§ **What is needed**:
From the material below, return exactly the lines starting at the one that holds "free vintage porn" and ending at the one that holds "Toyota Avensis 2.0 VVT-i Executive - 11". Pictures stay out of the answer.

§ **Records provided**:
++++++

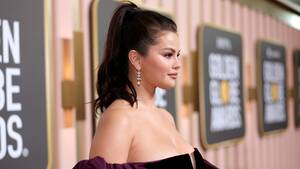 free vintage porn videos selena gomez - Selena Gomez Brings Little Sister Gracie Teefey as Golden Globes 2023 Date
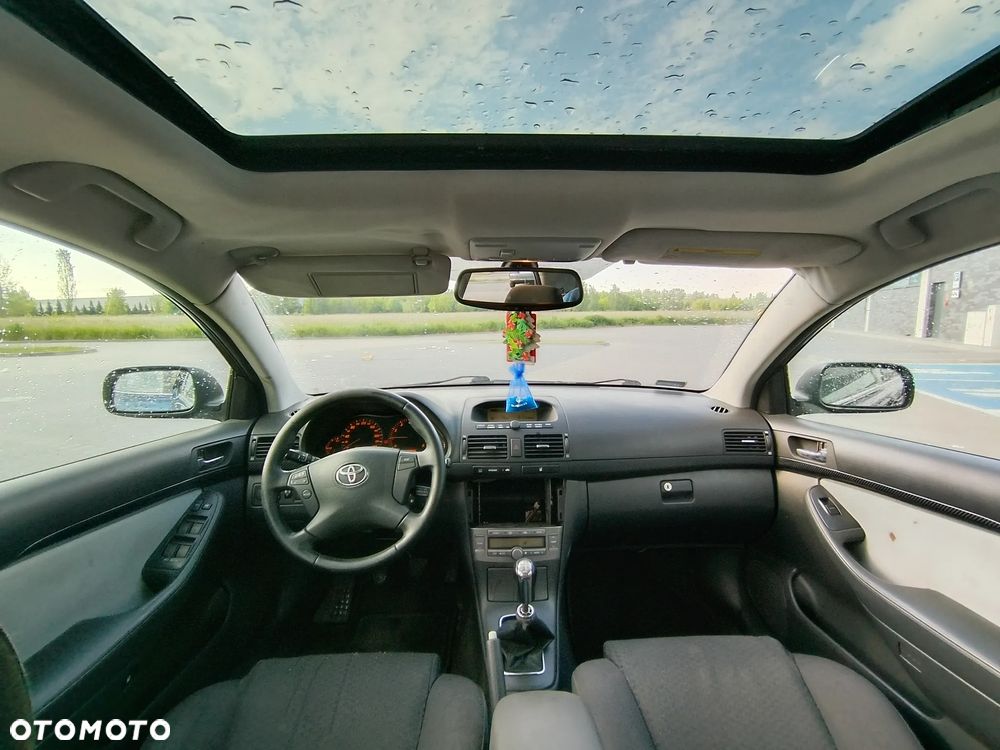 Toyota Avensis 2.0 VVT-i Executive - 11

++++++

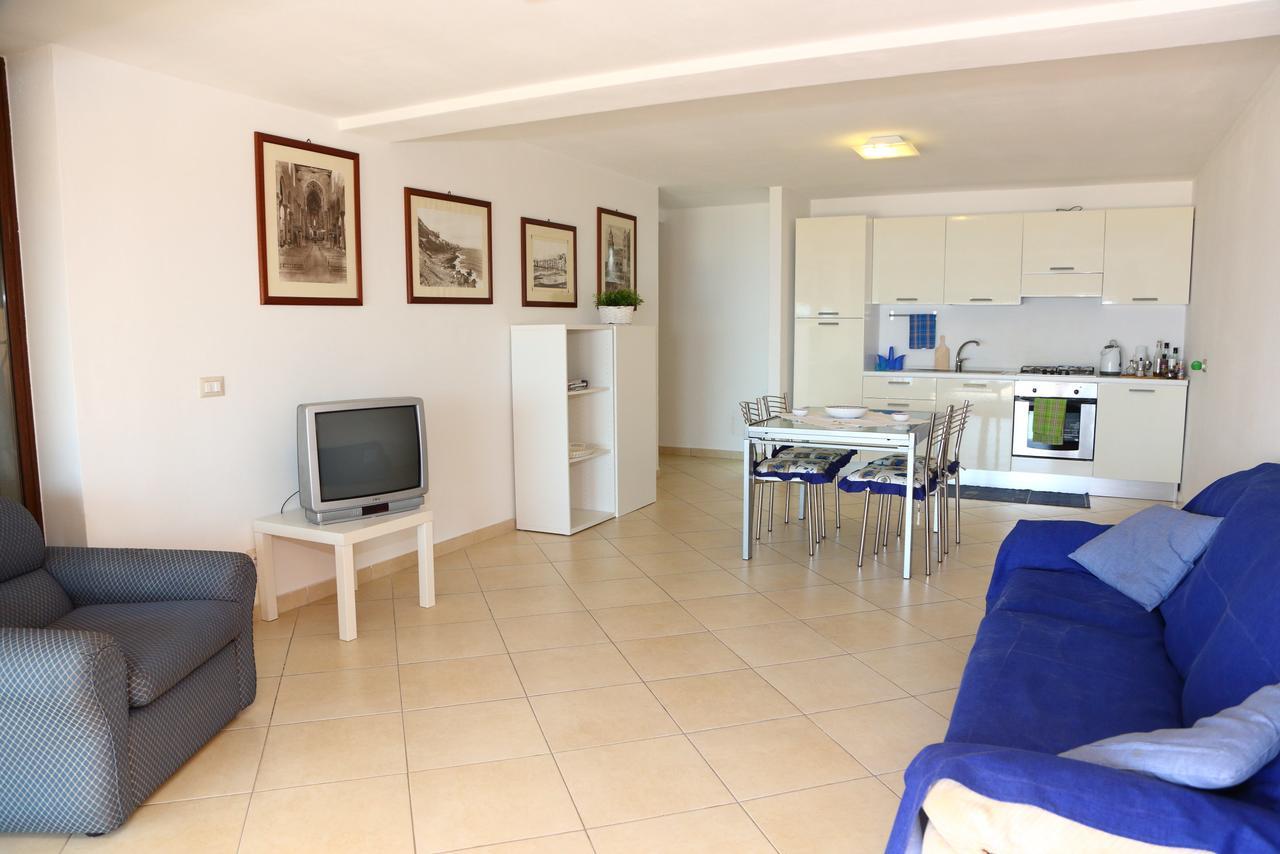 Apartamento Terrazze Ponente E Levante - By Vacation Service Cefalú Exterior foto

++++++

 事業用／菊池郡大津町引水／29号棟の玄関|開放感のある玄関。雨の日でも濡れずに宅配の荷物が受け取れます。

++++++

§ **Answer to the problem**:
 free vintage porn videos selena gomez - Selena Gomez Brings Little Sister Gracie Teefey as Golden Globes 2023 Date
 Toyota Avensis 2.0 VVT-i Executive - 11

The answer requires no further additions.